And this progress is not limited to malaria. Many countries have reduced new HIV infections by 50 per cent or more over a similar period, and the infection rates for other debilitating tropical diseases, such as leprosy and Guinea worm, have fallen significantly in recent years.

But while mortality rates from infectious diseases are declining, developed countries’ sedentary lifestyles, tobacco use, and poor diets are catching on in the developing world, and noncommunicable diseases such as diabetes, cardiovascular disease, and cancer are increasing at an alarming rate.

NCDs now kill 38 million people annually, with almost 75 per cent of those deaths occurring in low- and middle-income countries. And the outlook for developing countries is dire; for example, by 2030, NCDs are expected to cause more deaths in Africa than communicable, maternal, and nutritional illnesses combined.

Beyond threatening lives, NCDs can destabilise economies, especially in countries with limited health-care infrastructure. The challenge for governments and global health agencies is to continue making progress against infectious diseases, while also addressing the rising NCD threat.

Fortunately, we can apply lessons from the successful fight against infectious diseases to the emerging fight against NCDs. Working with nonprofit agencies, intergovernmental organisations, and private companies, world leaders can have a profound impact on public health – even if foreign-aid budgets are strained.

For starters, we need innovation. Without the great leap forward in antiretroviral therapy in the mid-1990s, we would not have the tools we have today to control HIV. And without the artemisinin-based combination treatments that also emerged in that decade, malaria death rates would still be stubbornly high.
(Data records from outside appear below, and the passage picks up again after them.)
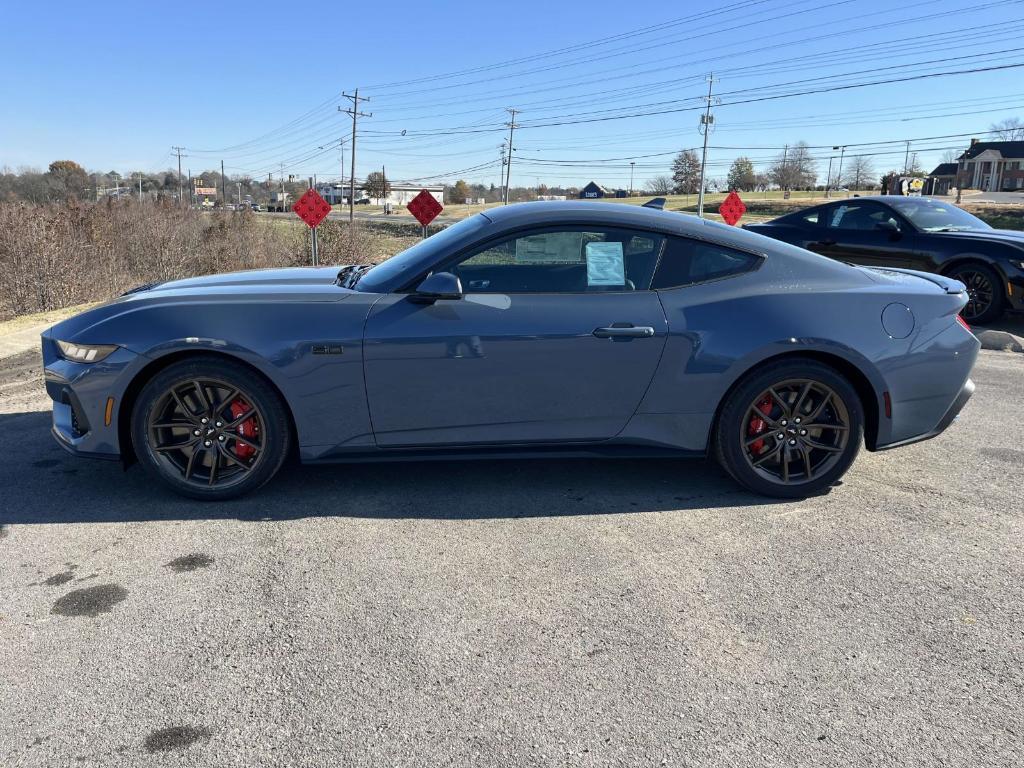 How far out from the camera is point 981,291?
9.33 m

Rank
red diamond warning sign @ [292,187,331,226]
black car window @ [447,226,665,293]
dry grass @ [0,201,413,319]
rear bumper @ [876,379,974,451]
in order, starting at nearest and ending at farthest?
black car window @ [447,226,665,293]
rear bumper @ [876,379,974,451]
red diamond warning sign @ [292,187,331,226]
dry grass @ [0,201,413,319]

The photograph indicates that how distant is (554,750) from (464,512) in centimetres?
174

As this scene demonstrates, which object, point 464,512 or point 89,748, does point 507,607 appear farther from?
point 89,748

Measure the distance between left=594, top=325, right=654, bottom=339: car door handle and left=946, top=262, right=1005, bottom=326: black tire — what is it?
7275 mm

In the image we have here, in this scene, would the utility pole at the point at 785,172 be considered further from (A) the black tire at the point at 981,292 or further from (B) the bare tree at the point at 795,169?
(A) the black tire at the point at 981,292

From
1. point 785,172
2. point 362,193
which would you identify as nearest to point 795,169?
point 785,172

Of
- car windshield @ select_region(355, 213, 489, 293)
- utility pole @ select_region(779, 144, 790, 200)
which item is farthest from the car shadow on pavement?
utility pole @ select_region(779, 144, 790, 200)

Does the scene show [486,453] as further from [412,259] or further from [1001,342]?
[1001,342]

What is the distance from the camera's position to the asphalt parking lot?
227 cm

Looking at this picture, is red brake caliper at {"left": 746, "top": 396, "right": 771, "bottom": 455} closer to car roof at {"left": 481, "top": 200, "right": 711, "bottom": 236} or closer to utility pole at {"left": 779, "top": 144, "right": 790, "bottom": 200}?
car roof at {"left": 481, "top": 200, "right": 711, "bottom": 236}

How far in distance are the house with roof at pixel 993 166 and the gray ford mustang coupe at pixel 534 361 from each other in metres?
112

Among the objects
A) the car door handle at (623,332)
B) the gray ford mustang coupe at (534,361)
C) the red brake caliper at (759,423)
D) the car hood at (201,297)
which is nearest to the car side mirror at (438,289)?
the gray ford mustang coupe at (534,361)

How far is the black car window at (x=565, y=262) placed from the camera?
389 centimetres

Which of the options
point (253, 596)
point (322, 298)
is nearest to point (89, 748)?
point (253, 596) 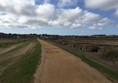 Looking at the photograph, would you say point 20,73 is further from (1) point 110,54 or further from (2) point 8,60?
(1) point 110,54

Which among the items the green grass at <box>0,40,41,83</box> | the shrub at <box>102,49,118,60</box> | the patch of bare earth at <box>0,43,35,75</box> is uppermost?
the green grass at <box>0,40,41,83</box>

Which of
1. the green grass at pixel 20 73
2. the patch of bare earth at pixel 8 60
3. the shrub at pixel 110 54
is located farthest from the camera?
the shrub at pixel 110 54

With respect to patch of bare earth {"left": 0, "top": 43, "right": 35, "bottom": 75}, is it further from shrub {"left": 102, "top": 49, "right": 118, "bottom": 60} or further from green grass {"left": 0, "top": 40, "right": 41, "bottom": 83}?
shrub {"left": 102, "top": 49, "right": 118, "bottom": 60}

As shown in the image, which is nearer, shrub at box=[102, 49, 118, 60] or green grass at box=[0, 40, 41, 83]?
green grass at box=[0, 40, 41, 83]

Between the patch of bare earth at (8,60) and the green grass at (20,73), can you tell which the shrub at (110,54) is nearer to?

Policies that improve access to health care should also support innovation – and they must never undermine it.

Beyond innovation, we need strong partnerships to manage NCDs and ensure that patients have access to the treatment they need. Effective HIV management has transformed that disease from a death sentence into a chronic condition in most places; but, of course, we now need sustainable solutions to provide continuous, long-term care.

The private sector is increasingly committed to this approach. Novo Nordisk’s Changing Diabetes Care and Eli Lilly’s NCD Partnership are just two examples of how companies are collaborating with governments and health organisations in resource-limited countries to develop scalable, sustainable, and locally driven programmes to combat diabetes. And Novartis Access, which our company launched in 2015, is a socially oriented business that works with governments, NGOs, and other public-sector customers in lower-income countries. We have two goals for the program: to expand access to affordable medicines to treat NCDs such as heart disease, type-2 diabetes, respiratory illnesses, and breast cancer; and to cooperate with local and international organisations to strengthen health-care systems. So far, we have observed that developing countries need to shift their paradigm for medicine procurement, and update their national essential-medicines lists.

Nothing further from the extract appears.